For those old enough to remember (Joe Biden would be an example – if he could remember) there was a TV show hosted by British writer, journalist and comedian David Frost called, “That Was the Week that Was.” It was a political satire show that began on the BBC in Britain and then came to the United States, airing on the NBC Television Network for two seasons starting in 1964. The lyric to the theme included the line, “That was the week that was, it's over, let it go…”

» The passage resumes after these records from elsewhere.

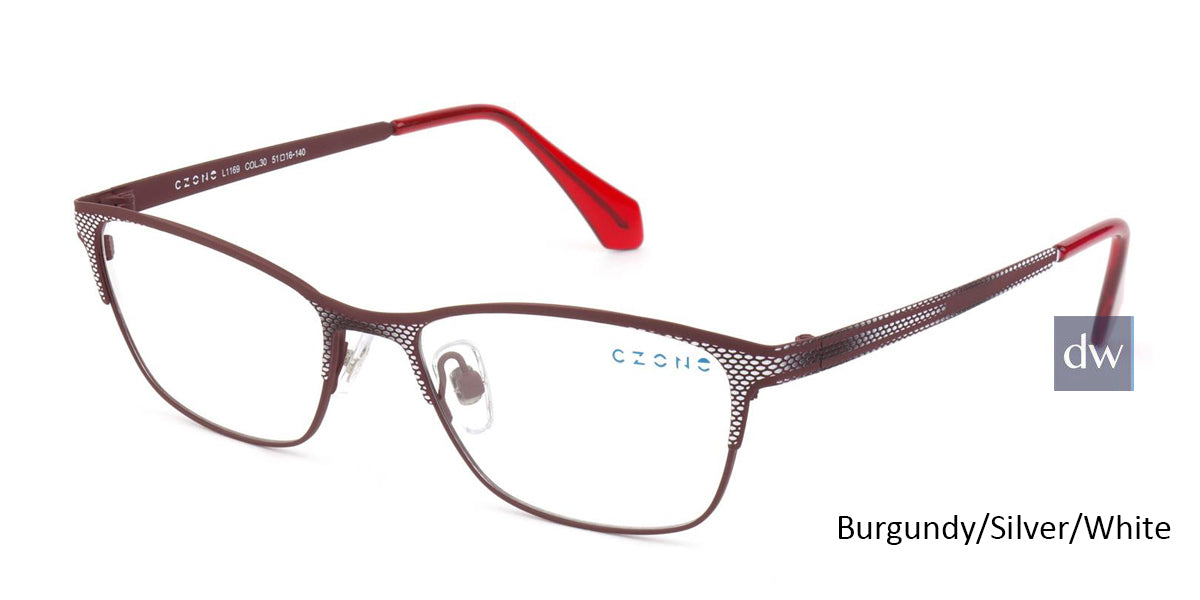 Burgundy/Silver/White C-Zone L1169 Eyeglasses.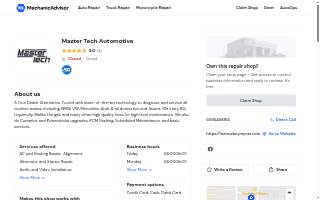 Master Tech Automotive website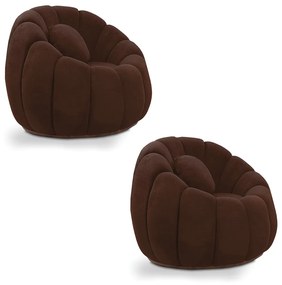 Poltrona Decorativa Orgânica para Sala Kit 2 Cloud Bouclê E03 - D'Rossi - Marrom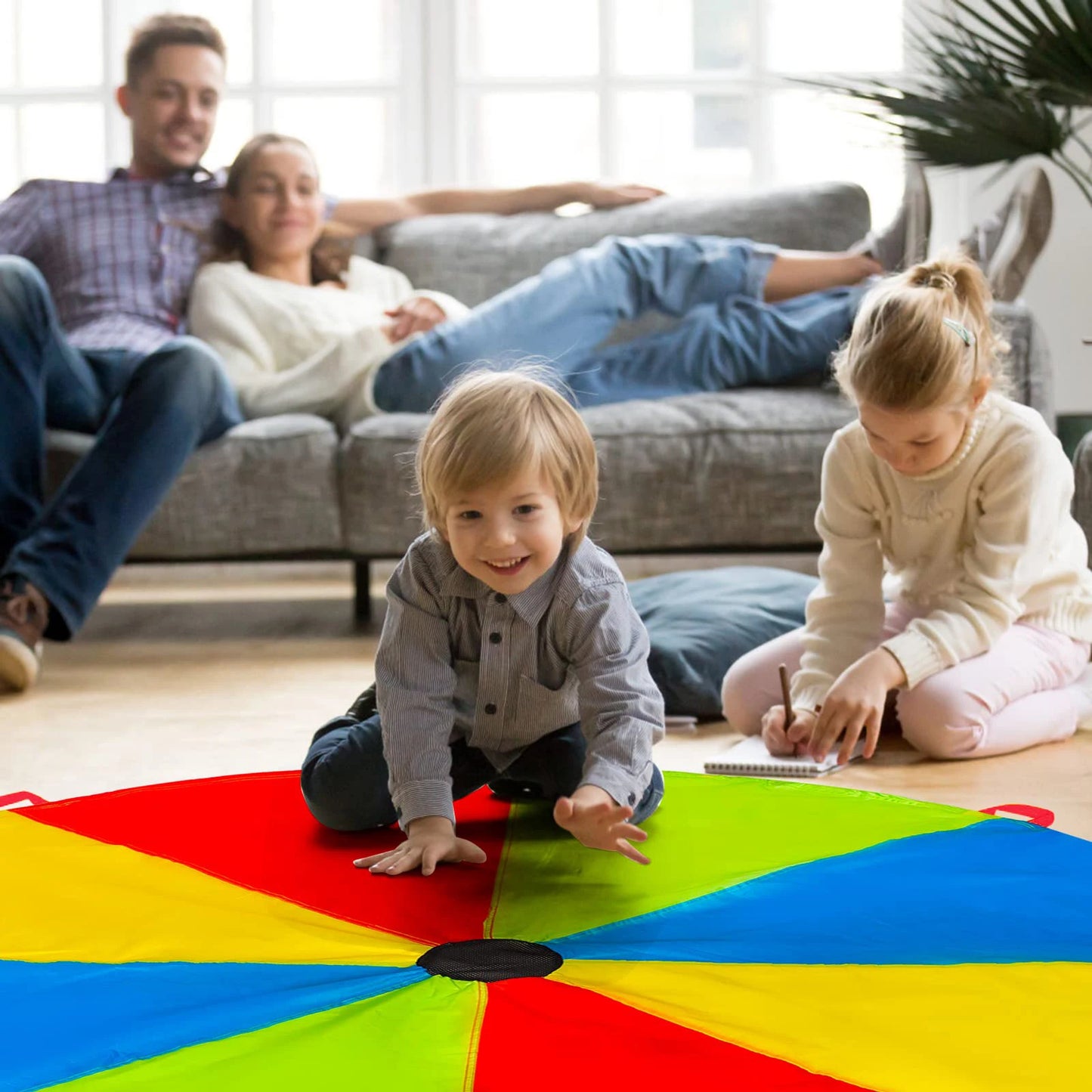 Multicolored Kids Play Parachute with 8 Handles for Indoor And Outdoor Gymnastics Toy Children's Game Activity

I am going to vigorously assert that I was (much) too young to appreciate the show but I remember that my parents liked it.
“That Was the Week That Was” comes to mind as I consider the long week that began on the evening of Saturday, July 13, the night before I departed for Milwaukee and the Republican National Convention. Just minutes into his speech at a rally in Butler, Pennsylvania, former president Donald Trump was nicked on the right ear by a bullet fired from an AR-15 rifle. Had he not turned his head at that precise moment, he would have been killed. It was a story-of-the-decade-level news event.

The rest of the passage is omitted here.